AVAILABLE DATA below:
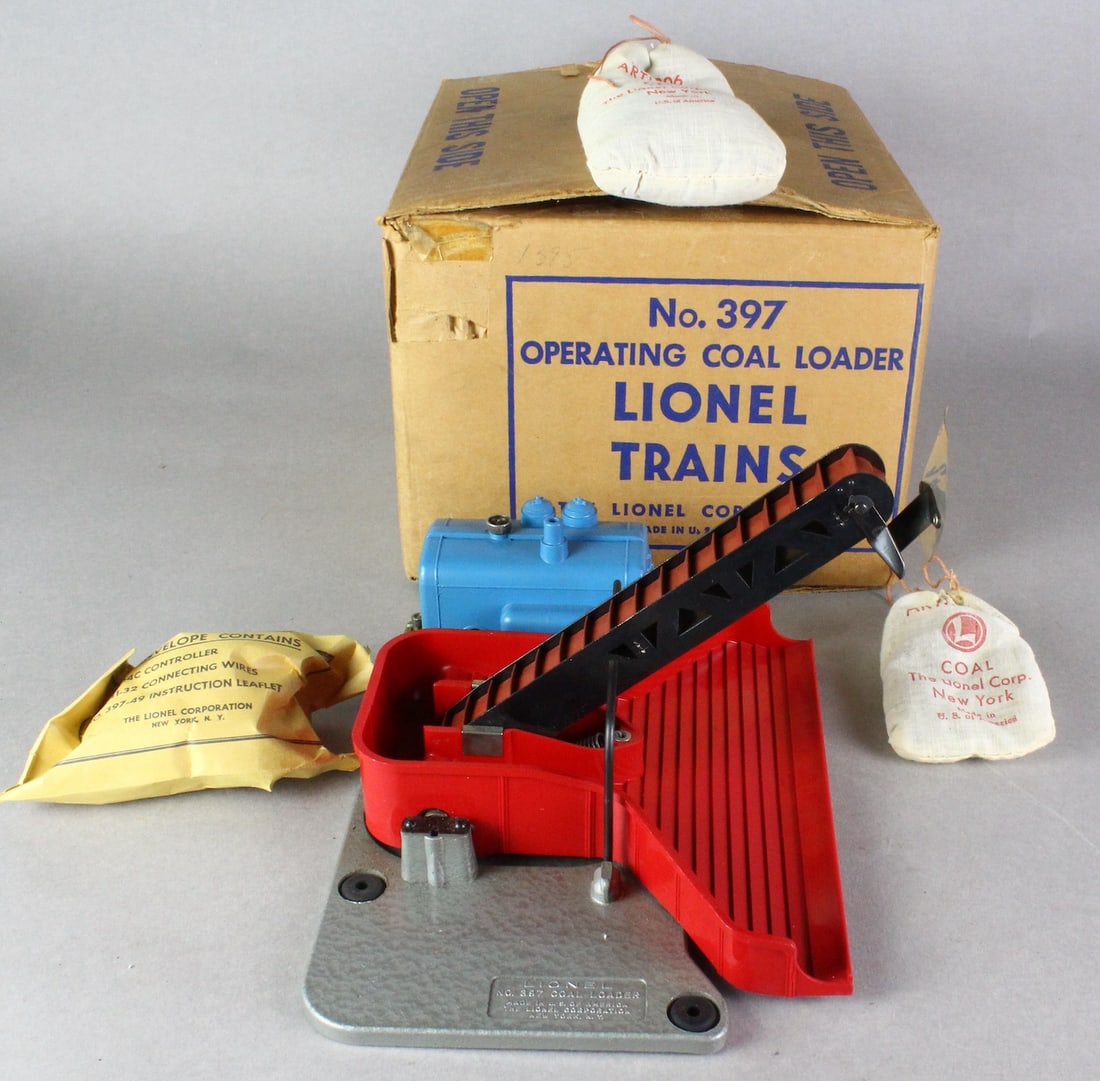 Lionel #397 Operating Coal Loader Mint in Box - 4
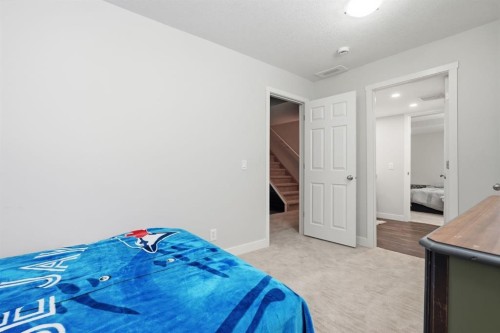 93 Heritage Hill, Cochrane, AB 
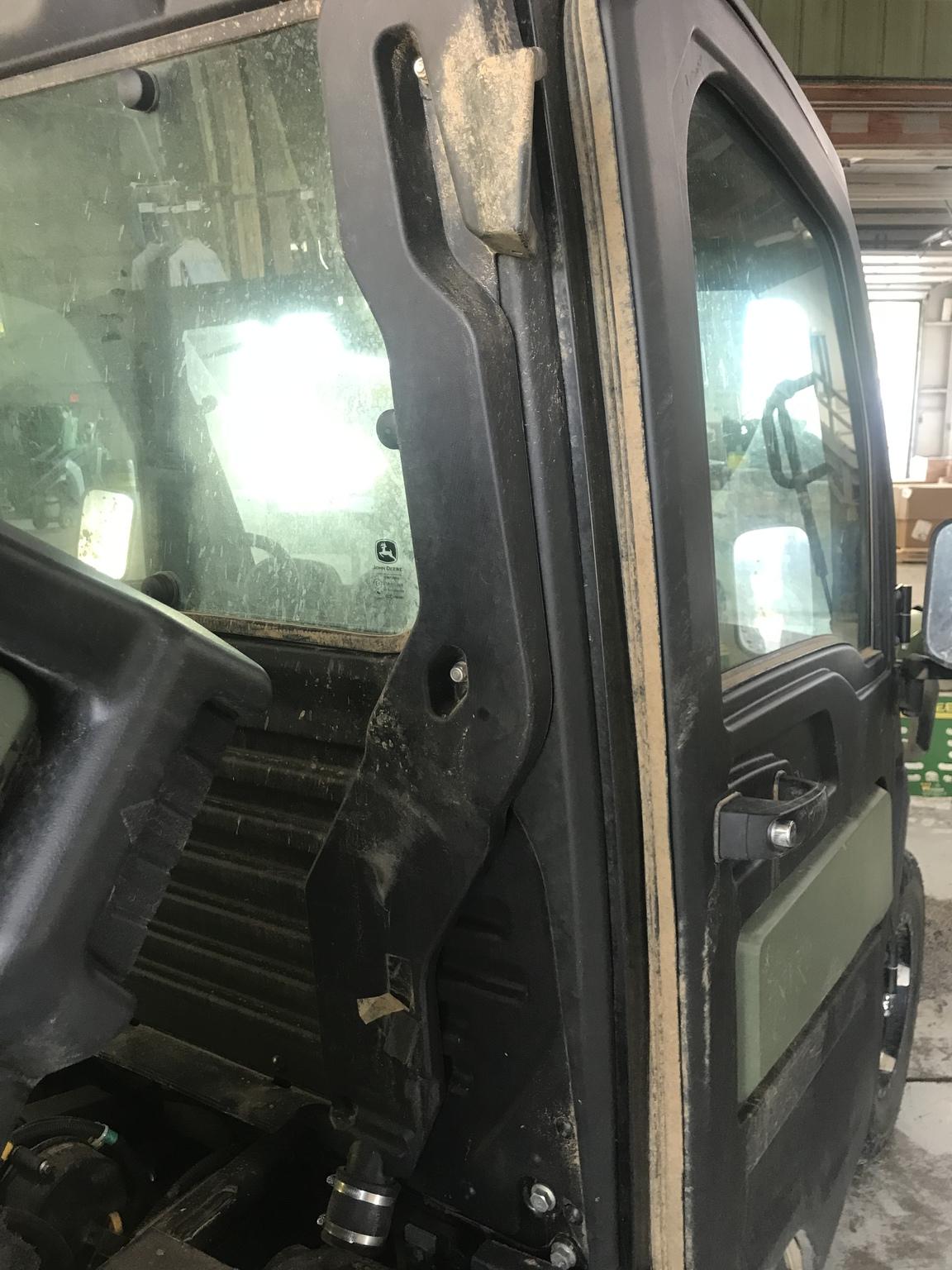 2022 John Deere XUV 835R Image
End of AVAILABLE DATA.
**WHAT THE TASK ASKS:** The expected output is the full data above, reproduced exactly with no images.

**SOLUTION TO THIS PROBLEM:**
 Lionel #397 Operating Coal Loader Mint in Box - 4
 93 Heritage Hill, Cochrane, AB 
 2022 John Deere XUV 835R Image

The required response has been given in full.